• Extracted data
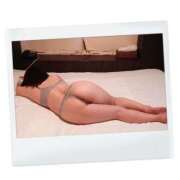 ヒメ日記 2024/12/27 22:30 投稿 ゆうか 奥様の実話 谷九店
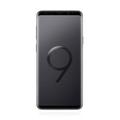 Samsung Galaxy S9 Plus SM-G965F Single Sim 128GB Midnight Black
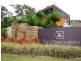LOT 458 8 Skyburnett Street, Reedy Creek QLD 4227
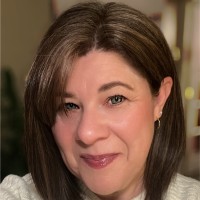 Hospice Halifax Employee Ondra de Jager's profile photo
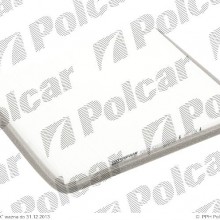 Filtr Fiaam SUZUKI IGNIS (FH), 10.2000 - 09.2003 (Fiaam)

---

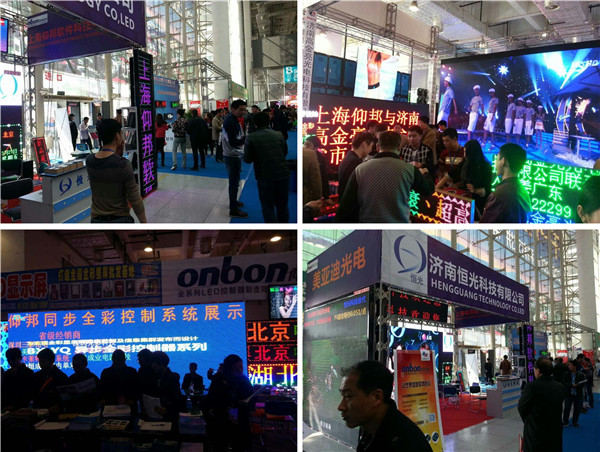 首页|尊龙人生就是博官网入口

• Problem to solve
Take the entries above and copy exactly the lines starting at the one with "ヒメ日記 2024/12/27 22:30 投稿 ゆうか 奥様の実話 谷九店" and ending at the one with "Filtr Fiaam SUZUKI"; nothing outside that span, and no pictures.

• Result for this task
 ヒメ日記 2024/12/27 22:30 投稿 ゆうか 奥様の実話 谷九店
 Samsung Galaxy S9 Plus SM-G965F Single Sim 128GB Midnight Black
LOT 458 8 Skyburnett Street, Reedy Creek QLD 4227
 Hospice Halifax Employee Ondra de Jager's profile photo
 Filtr Fiaam SUZUKI IGNIS (FH), 10.2000 - 09.2003 (Fiaam)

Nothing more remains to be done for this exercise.